Records from a collection -

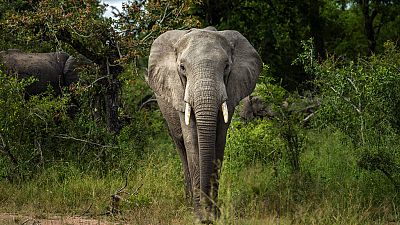 Eléphants contre éoliennes, inquiétudes près d'une réserve sud-africaine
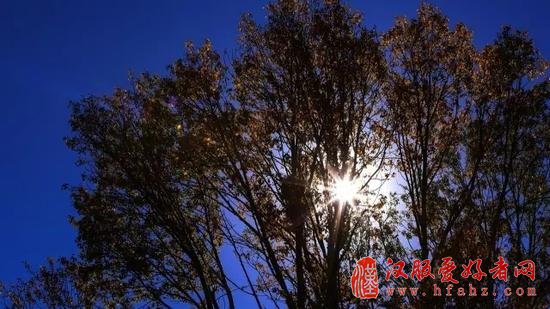 如何拍出透亮的逆光照片 从前期到后期详细技巧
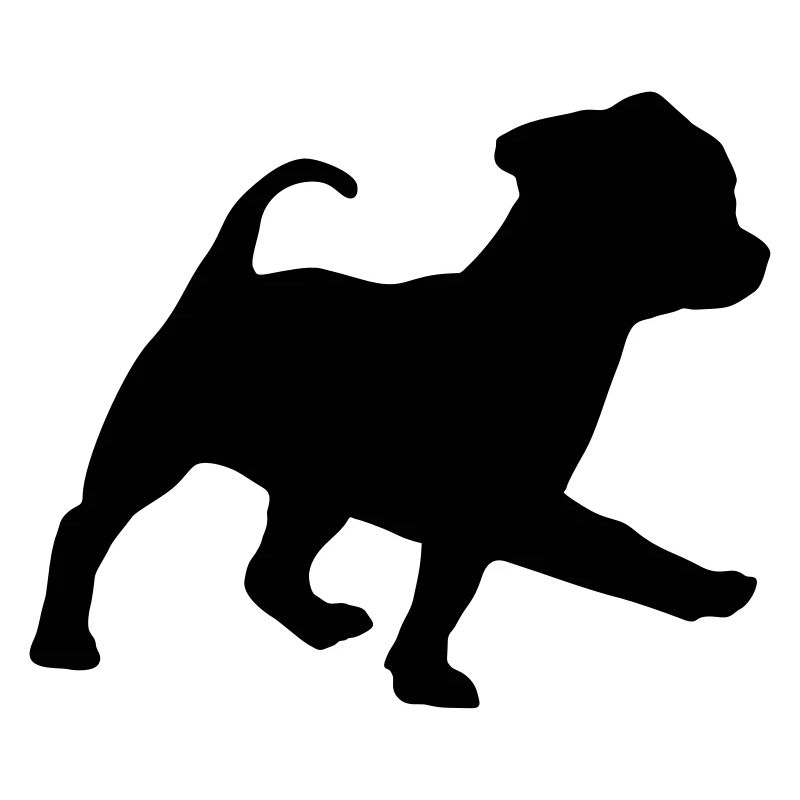 Hund, Hündchen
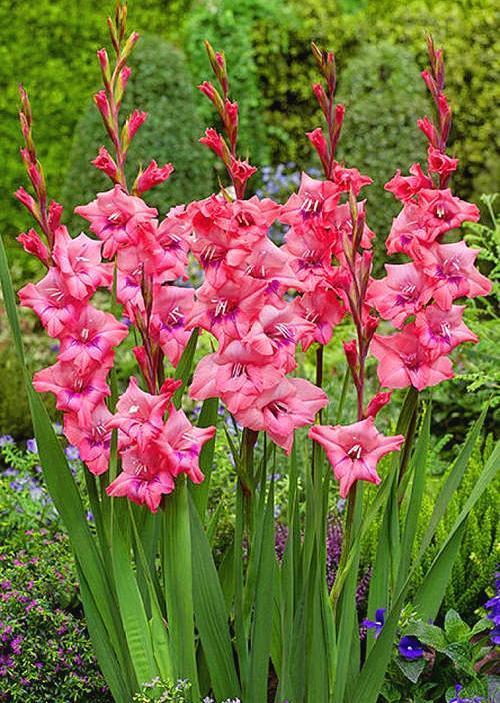 注意这几个小细节，剑兰爆盆无压力，一看就能学会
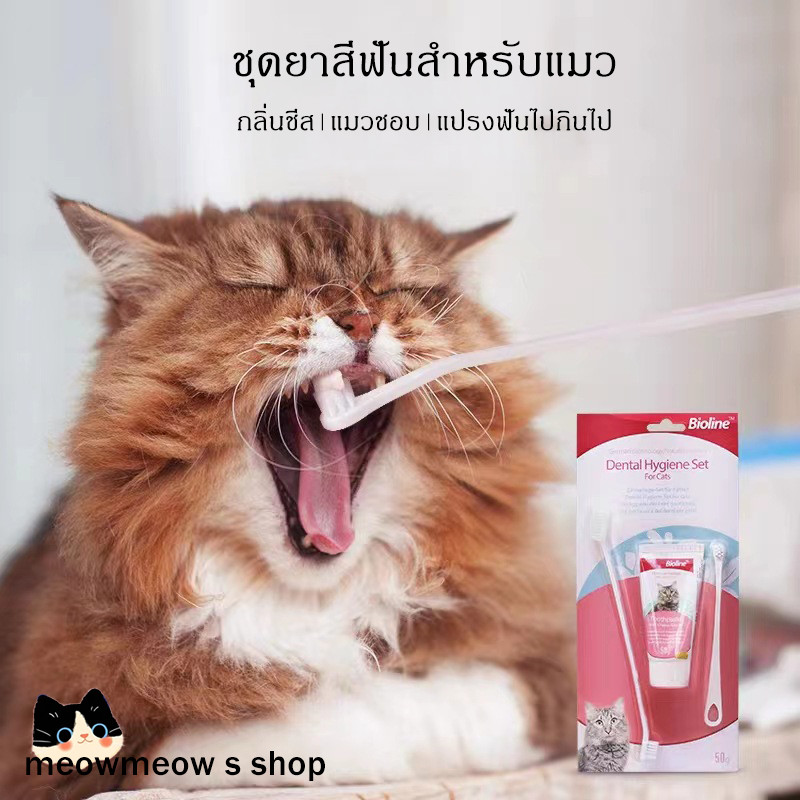 STOCK ชุดแปรงสีฟันและยาสีฟันสำหรับแมว 🐾 ลดกลิ่นปาก ป้องกันหินปูน ดูแลสุขภาพฟันแมว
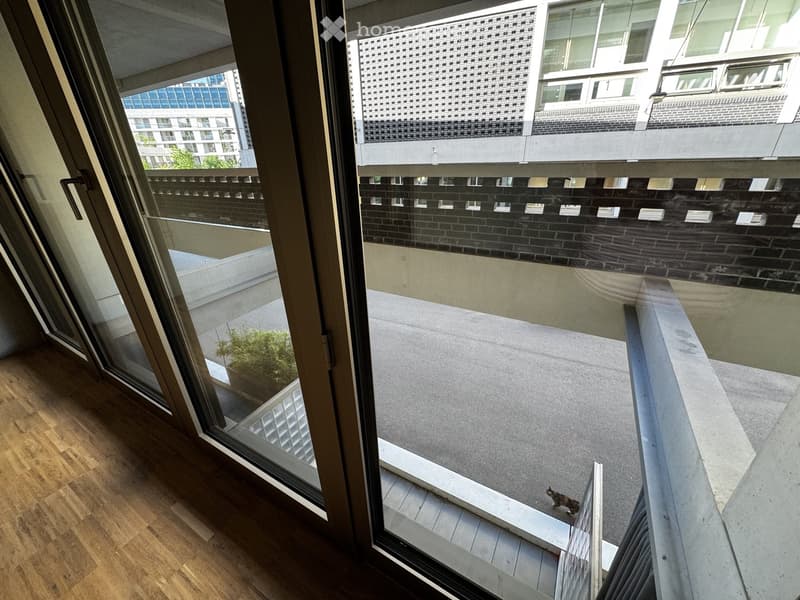 Modern balcony with concrete floor, glass railing, and small potted plant visible through the sliding glass door.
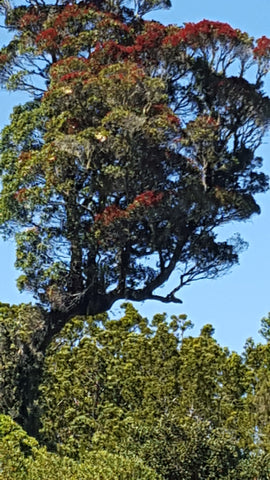 Northern Red Rata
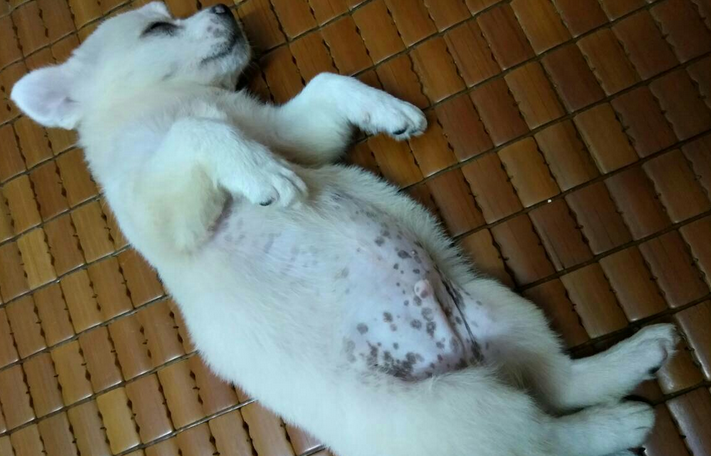 狗狗的毛出现很多黑色的东西 狗狗的毛出现很多黑色的东西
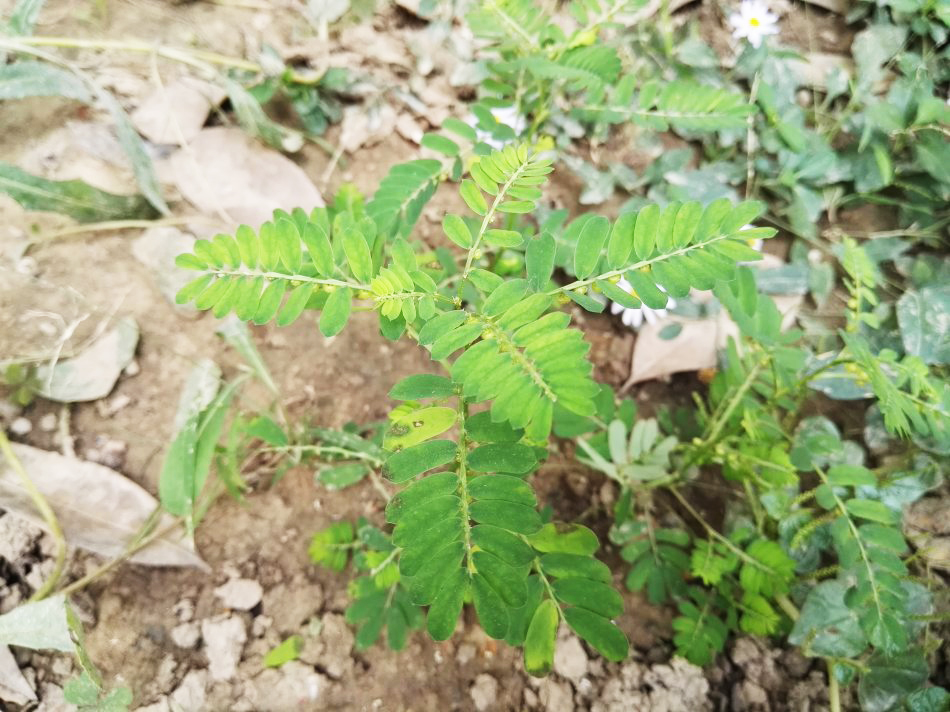 清肝明目,消积,平肝利胆,利水解毒的功效,为什么说叶下珠是"炎症"的好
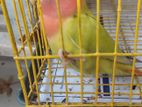 Full Tamed Love Bird For Sale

Work required -
Print, word for word, the lines above that run from the line containing "STOCK ชุดแปรงสีฟันและยาสีฟันสำหรับแมว 🐾" to the line containing "狗狗的毛出现很多黑色的东西 狗狗的毛出现很多黑色的东西", both included. Keep the pictures out.

Written answer -
 STOCK ชุดแปรงสีฟันและยาสีฟันสำหรับแมว 🐾 ลดกลิ่นปาก ป้องกันหินปูน ดูแลสุขภาพฟันแมว
 Modern balcony with concrete floor, glass railing, and small potted plant visible through the sliding glass door.
 Northern Red Rata
 狗狗的毛出现很多黑色的东西 狗狗的毛出现很多黑色的东西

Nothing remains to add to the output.